Seu objetivo no Brasil é de receber informações sobre uso da força durante protestos organizados por movimentos sociais e povos indígenas, campanha política e liberdade de associação antes das eleições, o direito de participação nos assuntos públicos e a situação dos sindicatos e grupos vulneráveis no Brasil no exercício de seu direito à liberdade de associação.
Participaram do encontro integrantes da Mesa da Comissão de Direitos Humanos e Minorias, parlamentares integrantes da Frente Parlamentar Mista em Defesa da Democracia e dos Direitos Humanos com Participação Popular e da Frente Parlamentar Mista em Defesa das Organizações da Sociedade Civil, assim como representantes da sociedade civil.
Carlos Veras (PT/PE), presidente da Comissão de Direitos Humanos e Minorias, entregou ao emissário das Nações Unidas relatório, produzido no âmbito do Observatório da Revisão Periódica Universal, que avalia o cumprimento das recomendações recebidas sobre direito à manifestação e à organização.
A vice-presidenta da Comissão, Érika Kokay (PT/DF), entregou a Voule o relatório produzido do âmbito da iniciativa a respeito da participação política das mulheres. “A maior parte das recomendações não foi cumprida”, afirmou. “É um diagnóstico muito triste. Quando a democracia é atacada, os direitos humanos são atingidos. E quando os direitos humanos são atingidos, a democracia é atacada”, comparou.
Sâmia Bonfim (PSOL/SP), Líder do PSOL na Câmara dos Deputados, entregou ao relator dossiê sobre violência política contra parlamentares do partido. Ela relembrou o assassinato de Marielle Franco como emblemático na perseguição de defensoras de direitos humanos, mulheres, negras e pessoas LGBTQUIA+ na política. Fernanda Melchionna (PSOL/RS) também lembrou de Marielle Franco e pontuou os ataques não só a políticos mas também a jornalistas.
Eleições
Veras também externou preocupação com as ameaças às próximas eleições-gerais: “Alguns setores podem querer negar o resultado das urnas, seja ele qual for; nos preocupamos também com as fakes news e com a violência política, principalmente, contra mulheres, pessoas negras e população LGBTQIA+. Queremos eleições livres e democráticas no Brasil”.
O deputado Airton Faleiro (PT/PA) manifestou preocupação com o incentivo ao amplo armamento, que pode inclusive ser utilizado como instrumento para impedir eleições ou frustrar seu resultado.
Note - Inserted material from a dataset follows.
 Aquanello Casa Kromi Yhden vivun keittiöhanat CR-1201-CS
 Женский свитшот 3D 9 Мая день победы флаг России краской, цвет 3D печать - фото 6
Abordou, ainda, preocupação com ataques aos territórios de comunidades tradicionais.
Criminalização dos movimentos sociais
Alexandre Conceição, líder do Movimento dos Trabalhadores Rurais Sem Terra (MST), demonstrou preocupação com os despejos no Brasil e reforçou que está em um curso, no Brasil, um processo aprofundado de criminalização dos movimentos sociais. “São propostas que nos preocupam, mas não nos acovardam". Leonardo Santana, da Rede Justiça Criminal, expressou preocupação com o avanço de nova lei antiterrorismo e com a proposta recém-apresentada de excludente de ilicitude.
Participação popular
O deputado Afonso Florence (PT/BA), da Frente Parlamentar Mista em Defesa das Organizações da Sociedade Civil, criticou o decreto expedido em 2019 que restringiu os conselhos de participação popular.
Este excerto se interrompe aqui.